Most existing diffusion MRI tractography methods are non-differentiable, hindering their integration into end-to-end deep learning frameworks. This paper introduces the first fully differentiable streamline propagator, implemented in PyTorch, which strictly preserves numerical equivalence with standard ODE solvers (e.g., Euler and Runge–Kutta) and enables full backpropagation of gradients through the entire tractography pipeline. Unlike prior approaches, our method achieves a differentiable reconstruction of conventional white matter tractography without compromising anatomical fidelity. It establishes the first end-to-end learnable mapping from dMRI data to macroscopic structural connectomes. Experiments demonstrate near-identical tractography performance compared to standard non-differentiable implementations—achieving mean angular error <1.5° and streamline overlap >92%. This work provides a foundational tool for differentiable brain connectomics, microstructural inference, and multimodal neuroimaging integration.

Diffusion MRI (dMRI) provides a distinctive means to probe the microstructural architecture of living tissue, facilitating applications such as brain connectivity analysis, modeling across multiple conditions, and the estimation of macrostructural features. Tractography, which emerged in the final years of the 20th century and accelerated in the early 21st century, is a technique for visualizing white matter pathways in the brain using dMRI. Most diffusion tractography methods rely on procedural streamline propagators or global energy minimization methods. Although recent advancements in deep learning have enabled tasks that were previously challenging, existing tractography approaches are often non-differentiable, limiting their integration in end-to-end learning frameworks. While progress has been made in representing streamlines in differentiable frameworks, no existing method offers fully differentiable propagation. In this work, we propose a fully differentiable solution that retains numerical fidelity with a leading streamline algorithm.
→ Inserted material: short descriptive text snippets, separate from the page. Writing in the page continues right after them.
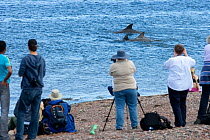 Visitors at Chanonry Point watching Bottlenose dolphin (Tursiops truncatus) surfacing, Moray Firth, Inverness-shire, Scotland, UK, September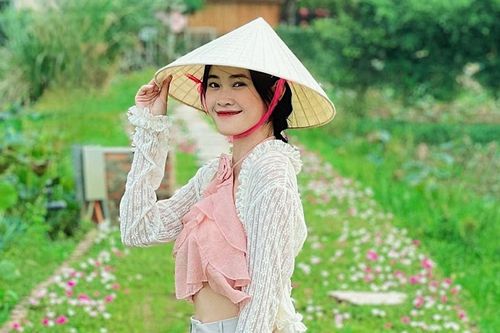 Con đường hoa nở rộ ở Hang Múa, giới trẻ rủ nhau đến check-in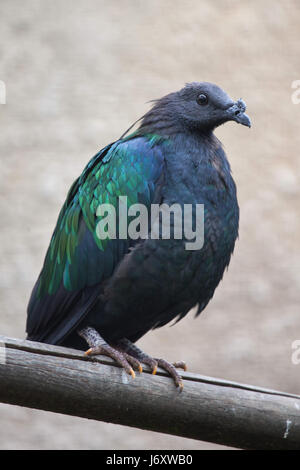 Nicobar pigeon (Caloenas nicobarica). Wildlife animal. Stock Photo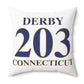 Derby 203 Connecticut Polyester Square Pillow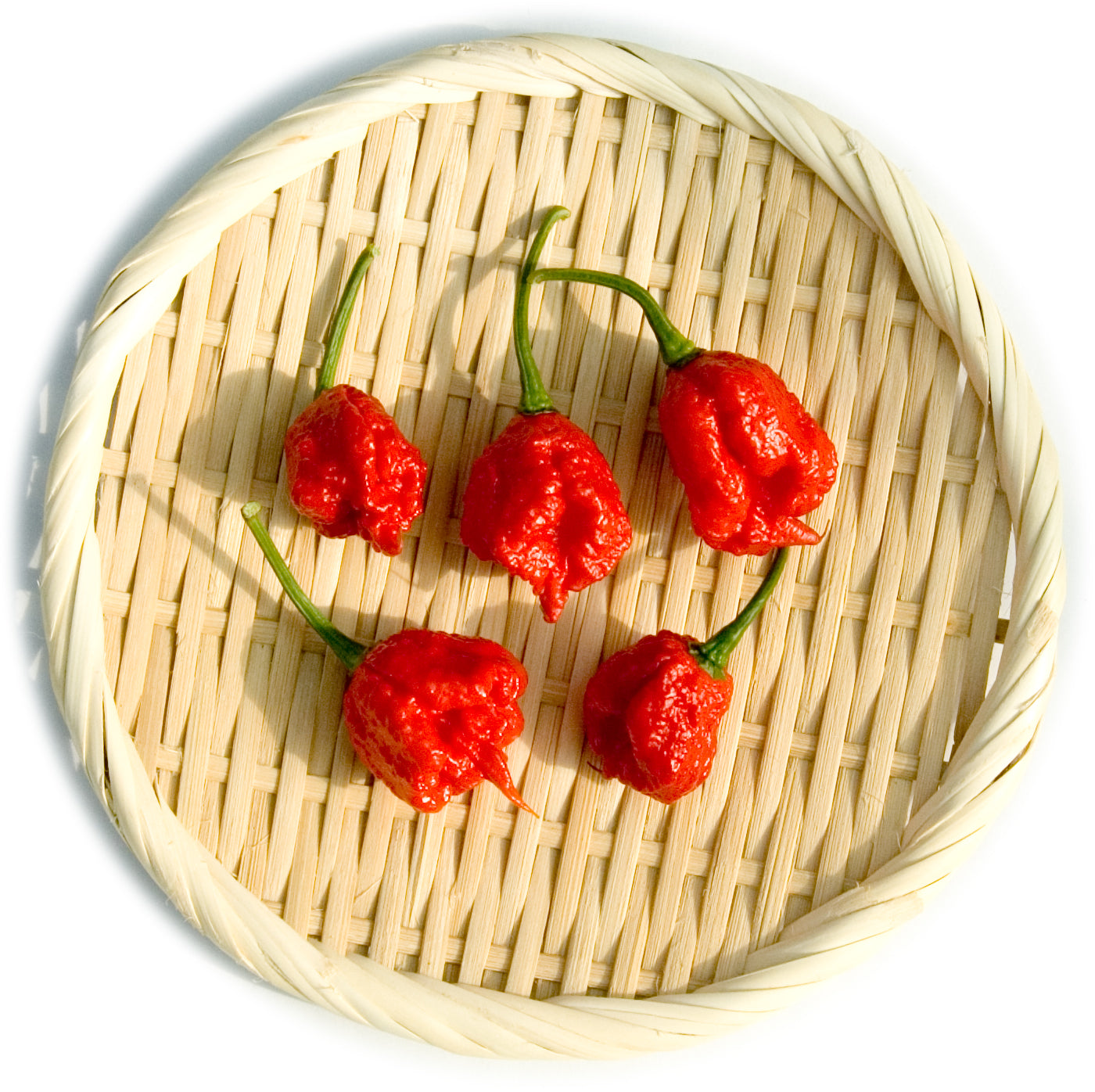 生唐辛子販売・通販のペッパーフレンズ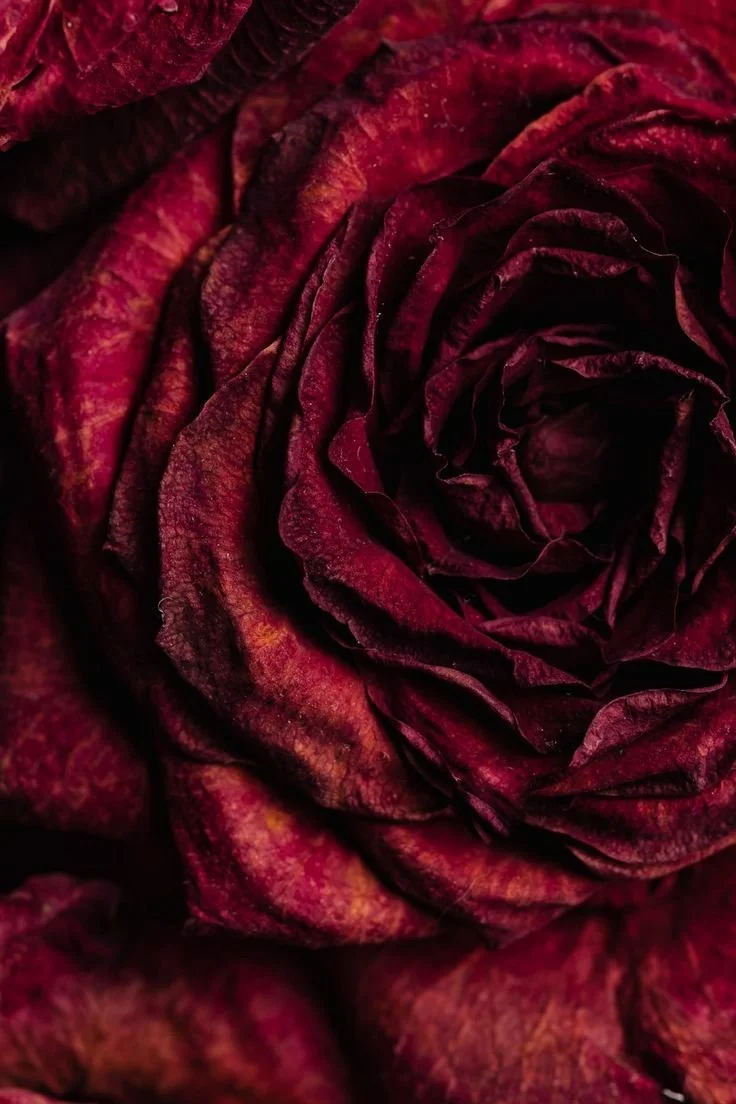 Rose1.jpeg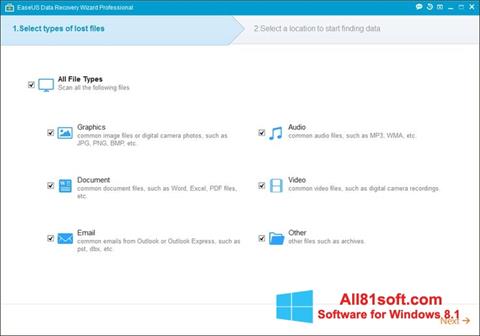 Ekrano kopija EaseUS Data Recovery Wizard Windows 8.1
The key is that our PyTorch-engineered streamline propagator has no components that block gradient flow, making it fully differentiable. We show that our method matches standard propagators while remaining differentiable. By translating streamline propagation into a differentiable PyTorch framework, we enable deeper integration of tractography into deep learning workflows, laying the foundation for a new category of macrostructural reasoning that is not only computationally robust but also scientifically rigorous.